MICHELLE WILLIAMS vs. ELLE FANNING
Michelle: From a grown-up hipster to a little hipster-in-training, I must say, you’re coming along quite nicely.
Elle: Thanks, Michelle! You know, it’s harder for me than it is for you, since I wasn’t born till 1998, so I kind of missed all those cool nineties Dawson’s Creek moments that modern hipster wardrobes call back to.
Michelle: First of all, you weren’t born until 1998?! I just threw up in my mouth. Second, I was on Dawson’s Creek, and I can promise you there is nothing about the fashion from that show that should ever be repeated, EVER.
Elle: Really? But Katie Holmes has been dressing in awkward-fitting men’s flannel shirts and peg leg jeans for decades!
Michelle: Yeah, but that’s like, a Katie thing, not a fashion thing. In general, my rule is that if Katie wears it, it’s basically off-limits to all human beings who want to look fashionable.
Elle: Thanks for the tip, Michelle! I appreciate your willingness to impart your decades of fashion knowledge onto me.

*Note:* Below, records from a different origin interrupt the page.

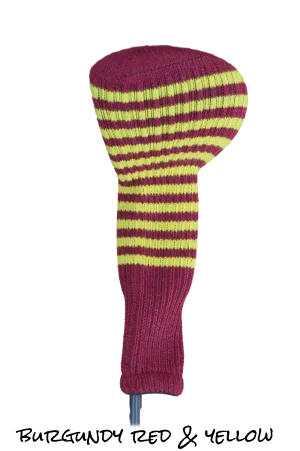 Burgundy Red and Yellow Club Sock Golf Headcover
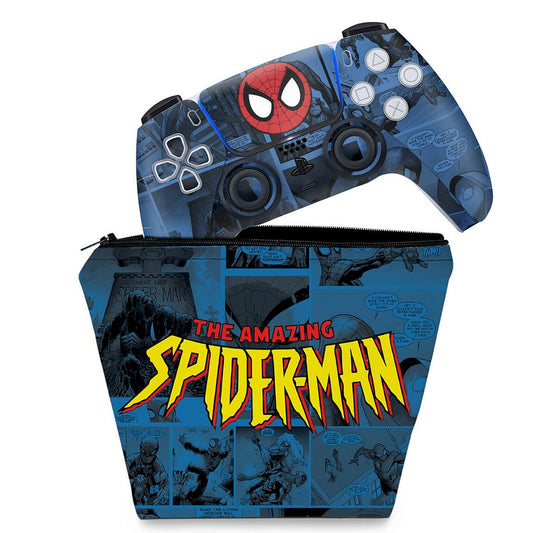 KIT Capa Case e Skin Anti-Rage PS5 Controle - Homem-Aranha Spider-Man Comics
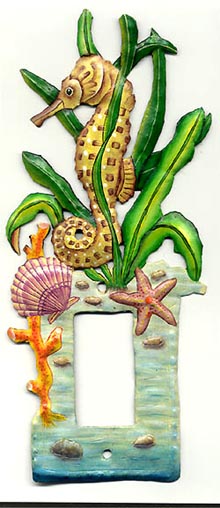 Rocker Switchplate Cover - Painted Metal Seahorse -Tropical Decorating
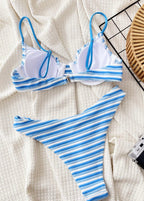 Capri Shores - Blue Velvet Stripe Bikini Set  GEMMACHIC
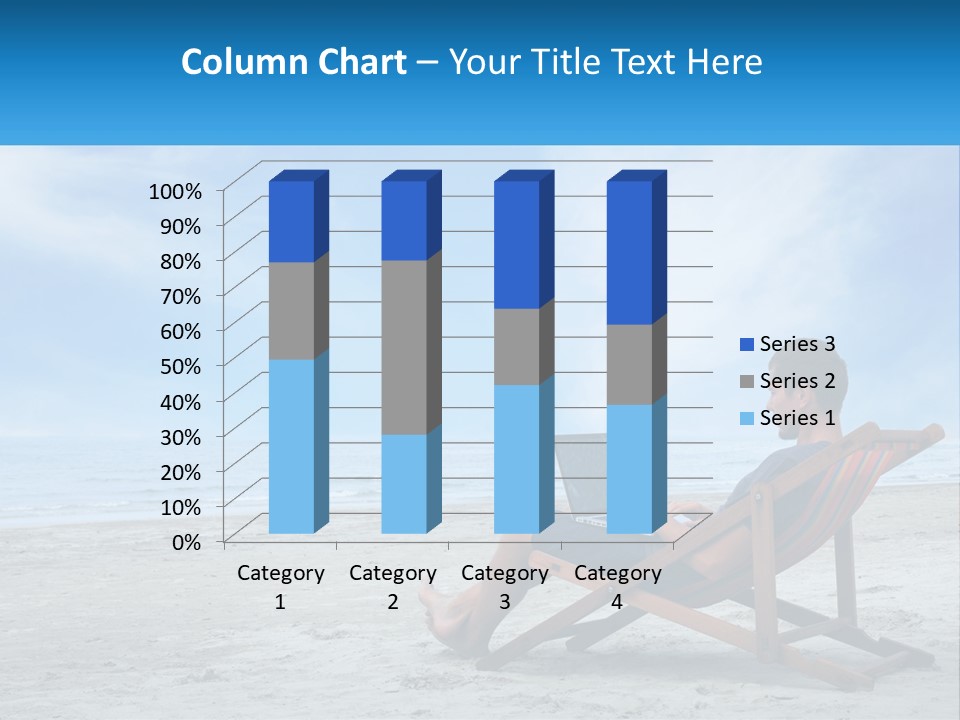 A Man Sitting In A Chair On A Beach Using A Laptop PowerPoint Template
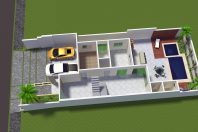 projeto sobrado casa 2 pisos quadrada caixote moderna terreno 10×25 condomínio roland limeira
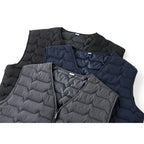 Men's Wave-Quilted Collarless Gilet. Wave quilt pattern.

Michelle: Ugh, you make me sound so fucking old, Elle. Here’s another tip – don’t remind an actress how old she is, or she’ll stop giving you tips.
Elle: Don’t worry about it, Michelle, you look amazing for 32! No one would ever be able to tell that you’re old enough to be my mother.
Michelle: Alright, bitch, you’ve crossed a line. You best start running before I kick your Oscar-covered ass.
Elle: *Gulp* Well, I guess that’s my cue to leave. See you later, Michelle!
TAYLOR SWIFT vs. CATE BLANCHETT
Taylor: Hi, Cate! I see you got my memo about wearing architectural dresses and absolutely fabulous shoes.
Cate: Do you really think I base my wardrobe on memos from some boring little pop star? Bitch, PLEASE.
Taylor: BORING?! I am ANYTHING but boring. Look at my – I mean, have you heard my – or, how about –
Cate: Yeah, that’s what I thought. Too boring to even think of anything interesting about yourself. Nice try, Taylor, but there’s only one real fashionista here.
Taylor: Oh yeah? What about this sexy art-deco gown? Certainly beats the pelvic cast you’re wearing, doesn’t it?
Cate: I’ll take a fashionable pelvic cast over your boring Disney princess wardrobe any day of the week, honey.
Taylor: DISNEY PRINCESS?! Do Disney princesses wear long nude gowns covered gracefully in red flowers with their hair all mermaid-like and matching lipstick?
Cate: Um, yes, they definitely do. And as a woman who wears McQueen, I wouldn’t be caught dead in half the shit you wear on a daily basis.
Taylor: Fine. The mermaid waves are gone, the blunt bangs are here, and what I’m wearing is red and lacy and recognizes the fact that I have breasts. Is that enough for you?!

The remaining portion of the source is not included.